■ Requirement ■
An exact copy of all the lines below is required, with every image left out.

■ Exercise data ■
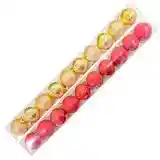 Set De Bolas De Navidad X 10 Unds Rojas O Doradas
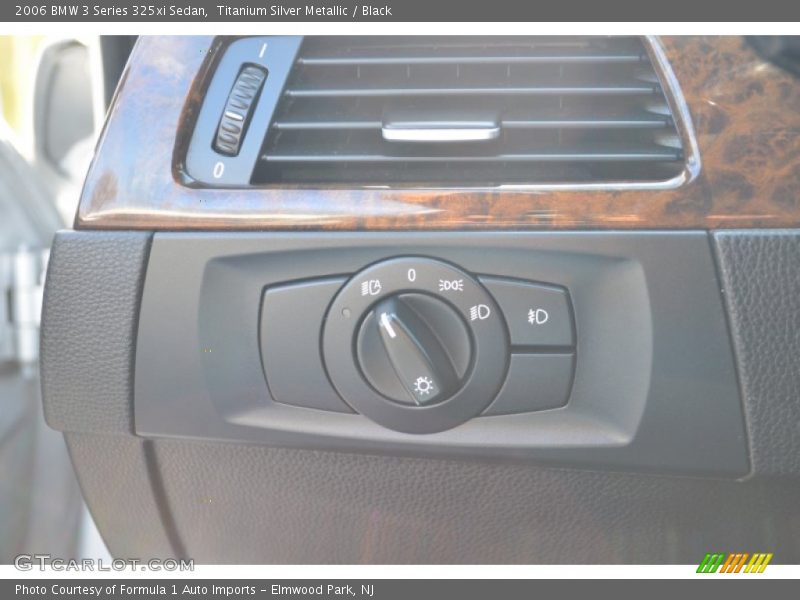 Titanium Silver Metallic / Black 2006 BMW 3 Series 325xi Sedan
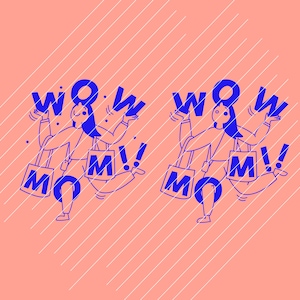 Wow Mom Plotterdatei, Plottervorlage Muttertag, Shirtmotiv, Schneideplotter Datei, Schablone, Siebdruckvorlage, Cartoon, Plottermotiv, dxf
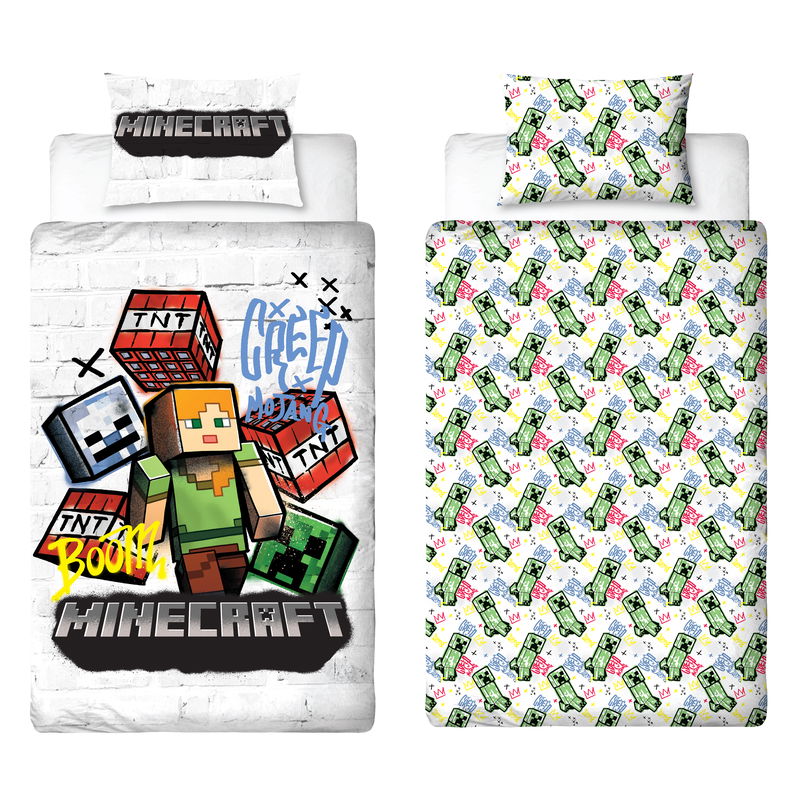 Minecraft Multi Barn Bäddset Enkeltäcke 150x210 Minecraft Multi Barn Bäddset Enkeltäcke 150x210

■ Finished exercise ■
 Set De Bolas De Navidad X 10 Unds Rojas O Doradas
 Titanium Silver Metallic / Black 2006 BMW 3 Series 325xi Sedan
 Wow Mom Plotterdatei, Plottervorlage Muttertag, Shirtmotiv, Schneideplotter Datei, Schablone, Siebdruckvorlage, Cartoon, Plottermotiv, dxf
 Minecraft Multi Barn Bäddset Enkeltäcke 150x210 Minecraft Multi Barn Bäddset Enkeltäcke 150x210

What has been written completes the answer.